It's not over until the last vote is counted – that's the idea behind down-to-the-wire campaigning in Arlington over the issue is funding for a new billion dollar Texas Rangers stadium.
Many expected it to be an easy win for supporters of a new Rangers stadium. By some accounts, the race is now maybe a little too close for comfort. Both sides have been busy exercising their final day strategies.
The “Vote Yes” campaign has been urging voters to approve funding for a new stadium or risk losing the Rangers to Dallas or some other city.
"With the Cowboys, at least we got a new team and a new stadium,” said Warren Norred with the “Vote No” campaign. “It's just that this deal was so over the top bad."
Opponents know they've been outspent and often times out-manned. They've relied a lot on social media.
And as they did during early voting, they'll be back out at the polls on Election Day.
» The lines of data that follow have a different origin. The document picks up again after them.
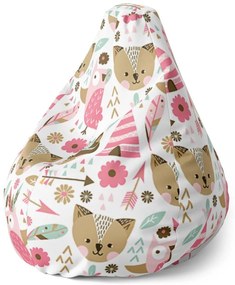 Sac de șezut Pear animăluțe de pădure - pentru copii, colorat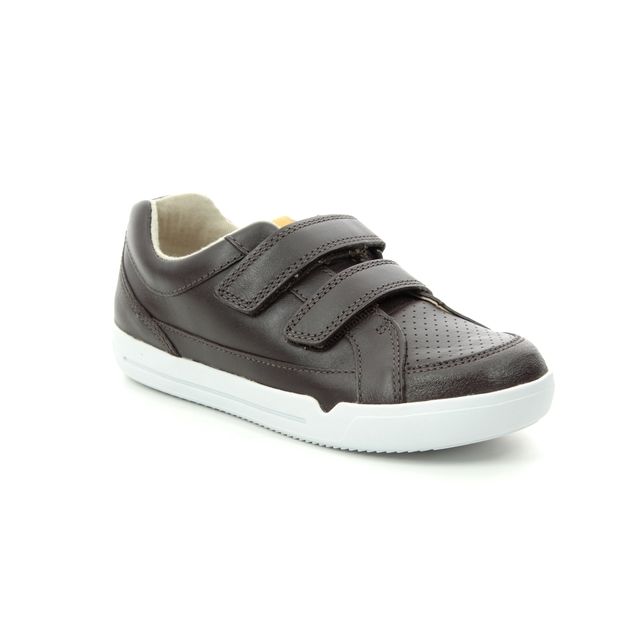 Clarks Emery Walk K Brown leather Kids Boys Shoes 4117-37G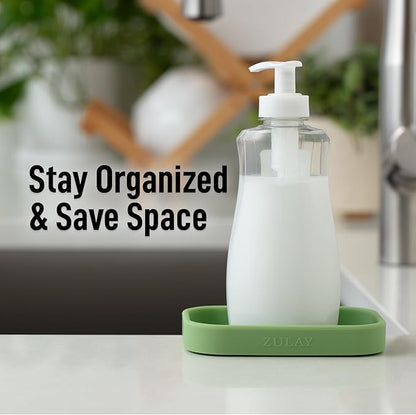 Zulay Kitchen Small Silicone Sponge Holder (4.9x3.3”) – Space-Saving Sink Organizer Tray for Sponge, Soap, Brush & More – Compact Non-Slip Dish for Kitchen & Bathroom (Jade Green) - Image 6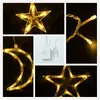 Party Decoration Twinkle Star/Moon Fairy Light Garland 12 LED Gordijntekenslichten voor bruiloft Verjaardag Valentijnsdag Binnen slaapkamer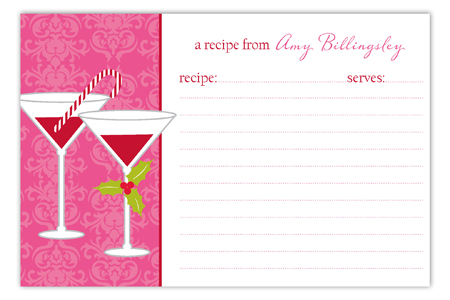 Pink Holiday Spirits Recipe Card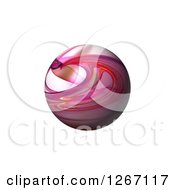 Poster, Art Print Of 3d Pink Fractal Sphere On White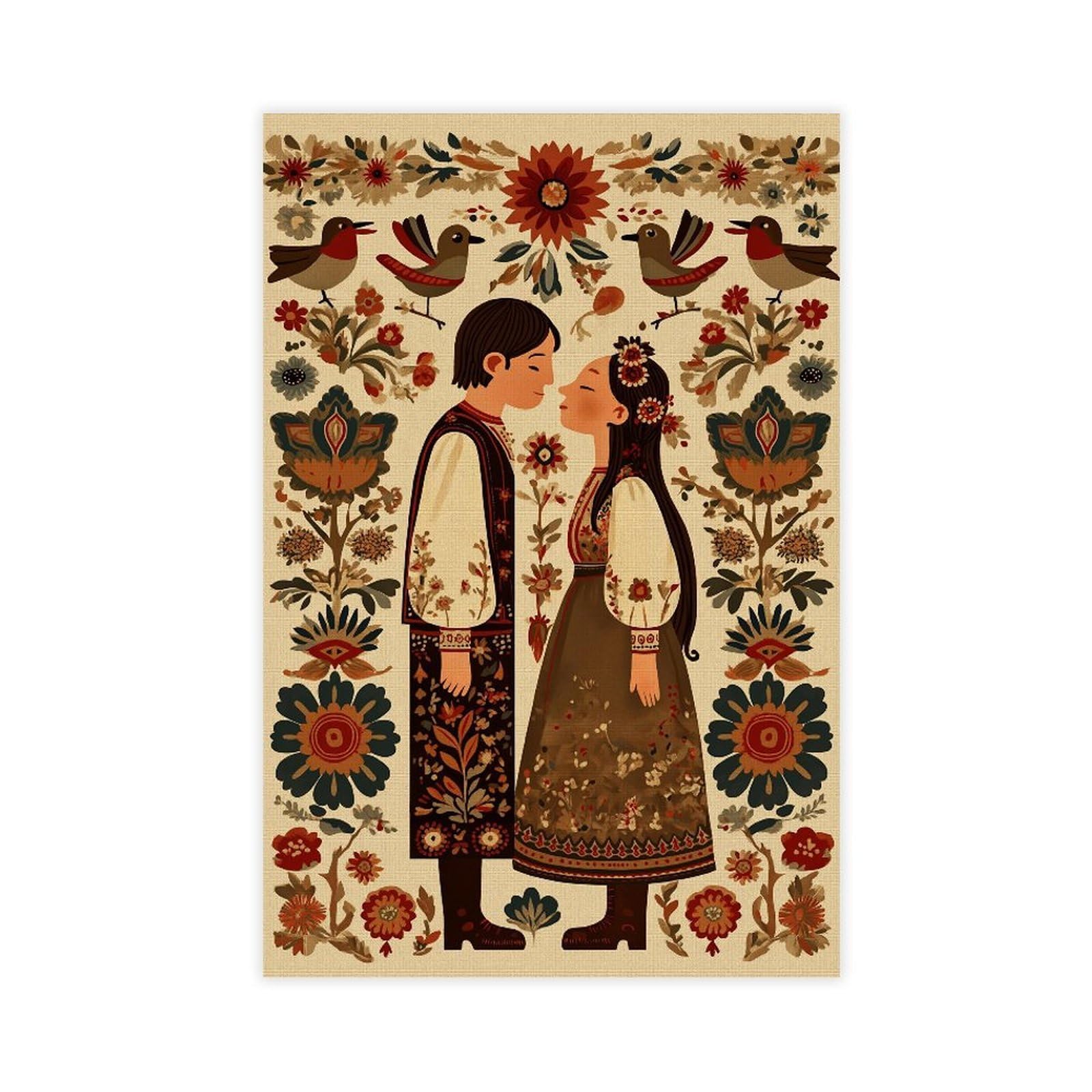 YWTJAX Scandinavian Folk Love Poster Canvas Poster for Office Decor Gift
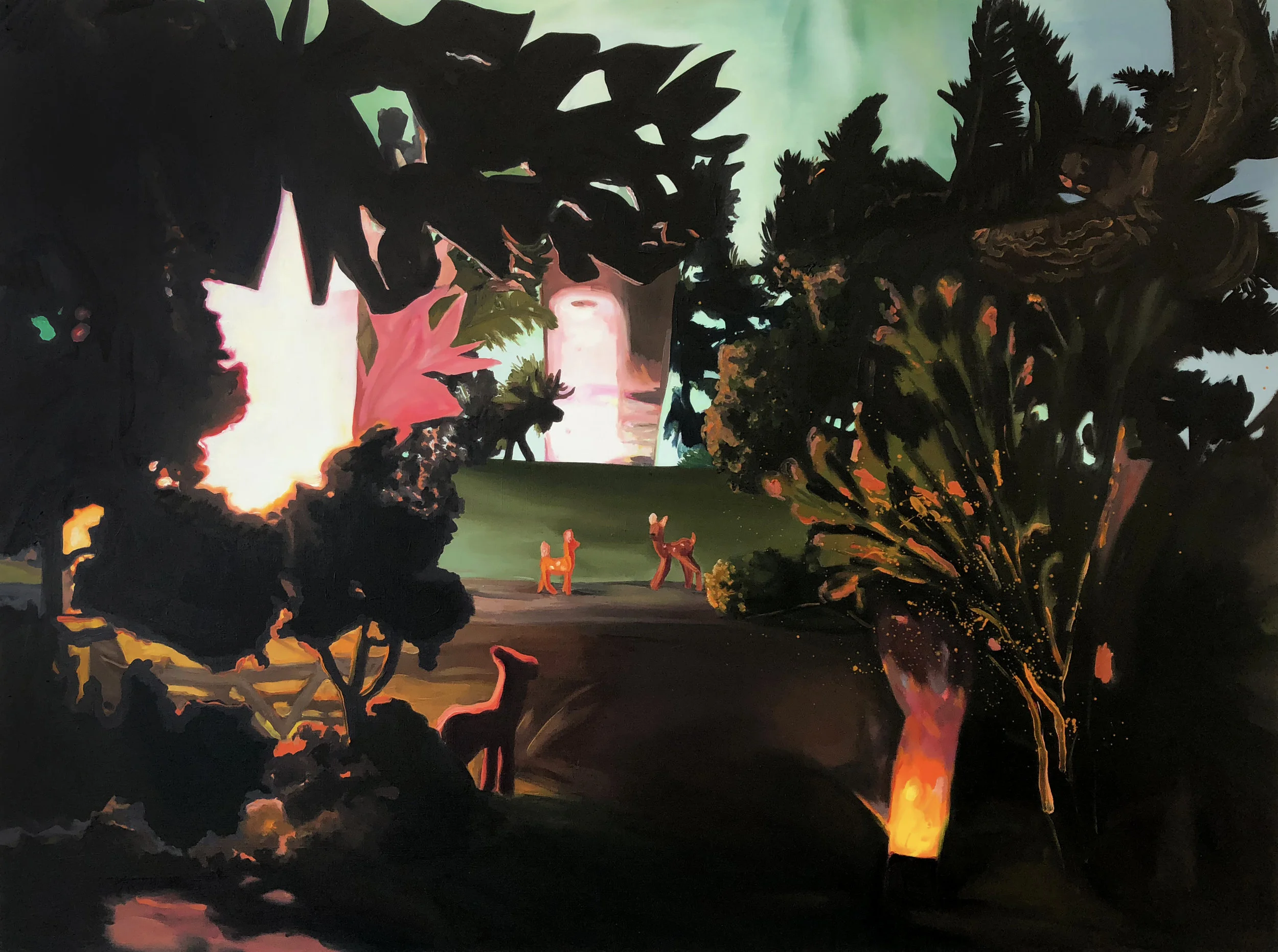 Emma Webster - "Study that doesn’t quite have five deer, six mushrooms, four owls, and a mouse" Oil on panel. 40 x 30 Inches. 2018.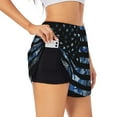 thumbnail image 3 of Lsque Navy Camouflage American Flag Printed Women's Running Shorts with Liner Pockets,Elastic Quick Dry Workout Athletic Gym Yoga Shorts,Womens High Waist Shorts-XX-Large, 3 of 9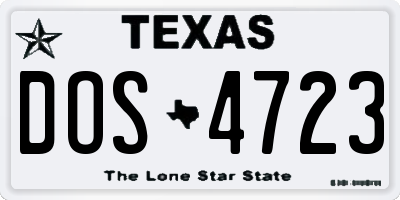 TX license plate DOS4723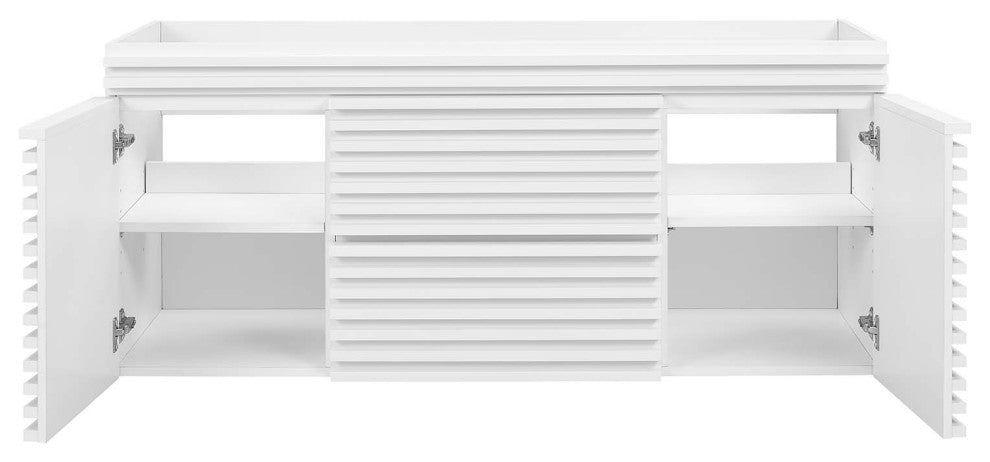 Render 48" Wall-Mount Bathroom Vanity Cabinet, White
Arlington Mayor Jeff Williams heads the movement for a new stadium. The Arlington council moved quickly to put the question on the November ballot and is counting on the large turnout.
"They gambled,” said Norred. “We'll find out if it was a good gamble or not."
Opponents are betting it wasn't. Supporters are making sure voters know the difference between baseball and business.
No matter the outcome, everyone will be glad once the fight is over.
"Thousands of people making thousands of door knocks. Thousands of phone calls,” said Kyle Fields with the “Vote Yes” campaign. “We're up early and stay out late."
It's not over yet. Both sides say they won't quit and will be pushing out their message at the polls on Tuesday until the final vote is cast.